Archive for February, 2010

Invariants for C/C++ Classes and Structs

February 5, 2010 3 comments

In yesterday’s post, I proposed the use of simple C++ classes in critical software. I pointed out that classes are better than C structs, because they offer encapsulation and make it easier to avoid using objects that are not completely initialized. Now I’m going to point out another advantage of classes over structs, which is that they make it easier to enforce invariants.

Consider the following C code:

typedef struct _Limits {
int minValue;
int maxValue;  // must always be >= minValue
} Limits;

The comment is an example of an invariant, i.e. a condition on the values of the members that we always expect to be true. During testing, we might want to do runtime checks to report any violation of the invariant. We would also like to do static analysis to make sure it always holds.

The problem with enforcing this invariant is that minValue and maxValue are public. This means that any piece if code that uses a variable of type Limits can break the invariant by assigning a new valie to minValue or maxValue. If we want to check the invariant at runtime, we must add a runtime check everywhere that the code assigns a value to either of these fields. Likewise, a static analyser must consider whether the invariant is broken at every place where one of these fields is assigned.

Let’s look at how we would define the Limits type using a C++ class instead:

class Limits {
int _minValue;
int _maxValue; // must always be >= minValue
int minValue() const { return _minValue; }
int maxValue() const { return _maxValue; }
Limits(int n, int x)
: _minValue(n), _maxValue(x) {}

I’ve made the data private, and I’ve added a couple of functions to allow the min and max values to be read, but not written (don’t worry about whether this is efficient – any reasonable C++ compiler will inline calls to these functions). I’ve also added a constructor so that we can create values of type Limits. Using this new declaration of Limits, the only way that anyone can break the invariant is by calling the constructor with n > x. So there is just one place where we need to insert a runtime check to catch every instance where this invariant might be broken.

Finally, let’s look at what you need to do to get ArC to verify statically that the invariant always holds:

#include "arc.h"
class Limits {
int _minValue;
int _maxValue;
invariant(_maxValue >= _minValue)
int minValue() const { return _minValue; }
int maxValue() const { return _maxValue; }
Limits(int n, int x)
: _minValue(n), _maxValue(x) pre(x >= n) {}

Instead of expressing the invariant as a comment, we have expressed it using the invariant keyword. We #include “arc.h” at the start so that when you are compiling the file using a normal C++ compiler, invariant(…) is defined as a macro that expands to nothing. This makes the invariant invisible to the compiler. But when ArC sees the invariant, it know that it needs to prove that the invariant holds anywhere that we create or modify a value of type Limits.

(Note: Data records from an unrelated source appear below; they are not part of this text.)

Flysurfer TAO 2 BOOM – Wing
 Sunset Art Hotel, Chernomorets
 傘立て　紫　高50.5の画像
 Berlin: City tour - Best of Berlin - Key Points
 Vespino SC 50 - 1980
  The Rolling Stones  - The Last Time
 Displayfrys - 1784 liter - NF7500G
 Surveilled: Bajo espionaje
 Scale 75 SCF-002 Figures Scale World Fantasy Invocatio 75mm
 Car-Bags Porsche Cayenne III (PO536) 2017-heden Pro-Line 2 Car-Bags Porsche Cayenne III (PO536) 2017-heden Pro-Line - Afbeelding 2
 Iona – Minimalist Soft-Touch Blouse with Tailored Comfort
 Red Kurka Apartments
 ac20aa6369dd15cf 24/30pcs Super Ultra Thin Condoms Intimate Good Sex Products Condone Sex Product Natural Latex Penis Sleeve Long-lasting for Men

Since the invariant only depends on private data, ArC only has to worry about breaking the invariant within the class’s own constructors and members. In order to prove that the Limits constructor satisfies the invariant, we need to ensure x >= n whenever it is called. That’s why I added the pre(x >= n) clause in the constructor. This clause tells ArC to assume x >= n when it verifies the constructor, and to verify x >= n whenever we call the constructor. pre is another ArC keyword – it stands for precondition.

Incidentally, although Microsoft’s Vcc doesn’t support any C++ (unlike ArC), it does allow you to declare invariants on structures. But when you want to initialize or modify such a structure, you’ll generally need to add some more annotations to “unwrap” and “wrap” it. That’s the price of not having encapsulation.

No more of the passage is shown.